Now, Price and Michael Kelley, a physicist at Cornell University, have developed a model to answer that question. As a meteor streaks through Earth’s atmosphere, it ionizes the air around it, splitting it into heavy, positively charged ions and lighter, negatively charged electrons. The ions follow the meteor, whereas the electrons are deflected by Earth’s magnetic field. That separation of positive and negative charges in the meteor’s wake produces a large electric field that drives an electrical current. And it’s that current that launches the radio waves, Price and Kelley hypothesize in an upcoming issue of Geophysical Research Letters. The size of the meteor and its speed through the atmosphere would control the frequency of the radio waves, they predict.

Earlier this year, another research team presented a different hypothesis to explain how meteors make sound. That team proposed that visible light from a meteor heats up materials such as hair and glasses, which then vibrate and produce sound waves. But this theory requires a “huge” light source, Price says. Only meteors as bright as the full moon could emit enough light to produce such sound waves. But according to the new theory, all meteors generate radio waves that can produce sound, some of which our ears are capable of picking up.
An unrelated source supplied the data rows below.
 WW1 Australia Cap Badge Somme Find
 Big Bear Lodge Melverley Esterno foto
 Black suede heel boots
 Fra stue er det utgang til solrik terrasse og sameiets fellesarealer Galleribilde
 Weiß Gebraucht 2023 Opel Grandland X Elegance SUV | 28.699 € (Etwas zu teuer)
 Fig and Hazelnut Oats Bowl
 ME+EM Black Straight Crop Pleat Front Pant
Price and Kelley suggest that their model might also explain reports of “clapping” sounds accompanying auroras, the colorful light displays created when charged particles from the sun collide with molecules in Earth’s atmosphere at high latitudes. These sounds feature prominently in stories of native peoples of the northern United States, Greenland, and Canada, but they have largely been dismissed by scientists. “Auroras also create radio waves that can easily reach the ground,” Kelley says.  

The new hypothesis is “reasonable,” says Meers Oppenheim, an astronomer at Boston University not involved in the study. But it’s difficult to simulate what’s truly going on 100 kilometers up in Earth’s atmosphere as tiny particles of dust whiz by at 50 or more kilometers per second. “The devil lies in the details, and no one seems to have truly worked through those,” he says.